Hi..to start with..I am not very computer savvy. I use Windows XP and I have a Kodak camera. I also use Carbonite. When Kodak pulls the plug on my Kodak Gallery, albums and so forth..will they still be usable in my Carbonite backup?

I use the pics for articles. I need to put them somewhere where I can easily get to them and crop them and use them. 

I don't understand Shutterfly that well. All my pics are in my computer documents too..will they leave as well? 

Please help an old lady out..will ya please? And thanks!


----------



## Kung (Jan 19, 2004)

If your pictures are on your computer and currently synced via Carbonite, they should be good. However, if Carbonite syncs changes, what I would personally do is ensure you know EXACTLY when the plug will be pulled on Kodak's Gallery, and then make one FINAL backup to two locations - one being the 'automatic' backup that Carbonite does, and another one to a more permanent media, such as a CD, DVD, or some alternate location such as an external USB stick or hard drive.


----------



## Sherry in Iowa (Jan 10, 2010)

Thank you Kung..here comes the part when you know just how dumb I am.
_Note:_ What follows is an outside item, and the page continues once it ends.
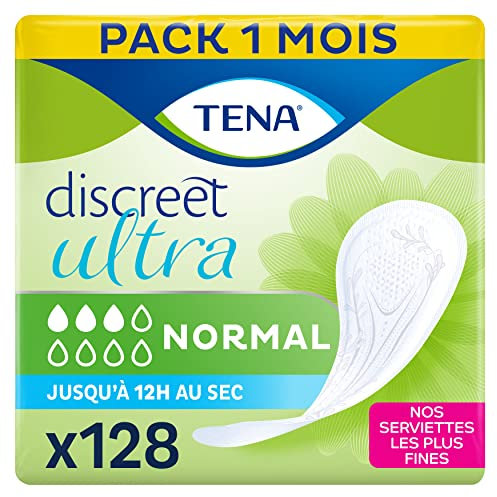 TENA Discreet Ultra- 128 Einlagen im Monatspaket (8 x 16 Stück), einzeln verpackt -Hygieneeinlagen für Frauen - bei leichter bis mittlerer Blasenschwäche, Inkontinenz und bei Tröpfchenverlust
What kind of CD and where do I get it? After they are on the CD..say I want to write an article..can I still get it on there?

Thanks again!

Hey Kung..I have something called a Cruzer USB 2.0 Flash Drive 4GB

My sister-in-law bought it for me a couple of years ago..I've never used it because I don't know how..lol. Is this something that can be used for my pictures?

I am REALLy sorry that I am this dense..it's pretty embarrassing..


----------



## Harry Chickpea (Dec 19, 2008)

I'm guessing you know how to use the explorer window (aka "my computer" window) and how to find the location of your picture files.

Insert the plug end of that stick drive in any open USB socket, wait, and XP should recognize that it is a flash drive, and give you options. Tell it not to do anything.

Open "my computer".
Find the folder with your picture files.
Single click to highlight it, then at the menu bar at the top, click edit, then copy.
Click on the back button until you see "Devices with removable storage"
Your thumb drive should show up there
Double click to open it, double click on any folder in it,
then up on the menu bar at the top click edit and then paste
In a few seconds, the folder will be copied onto the flash drive.
If there is not enough room for all the files, you can get a flash drive with more memory
or use a DVD (if you have a DVD burner) That is a little more complicated.
When you are through loading the flash drive files, always exit out of "my computer" and any program that is using the files in the flash drive before removing the drive from the USB port.


----------



## Sherry in Iowa (Jan 10, 2010)

WOW Harry..thanks for the info..I'm gonna wait til later to try it..can I screw anything up that can't be fixed?


----------



## Harry Chickpea (Dec 19, 2008)

Nah. Just be sure to use "COPY" and not "CUT"

There is a slim possibility that the USB device might not be recognized, especially if your computer is old or only has the first USB hardware, but Windows will guide you through that without screwing anything up... (more than Windows already does.   )


----------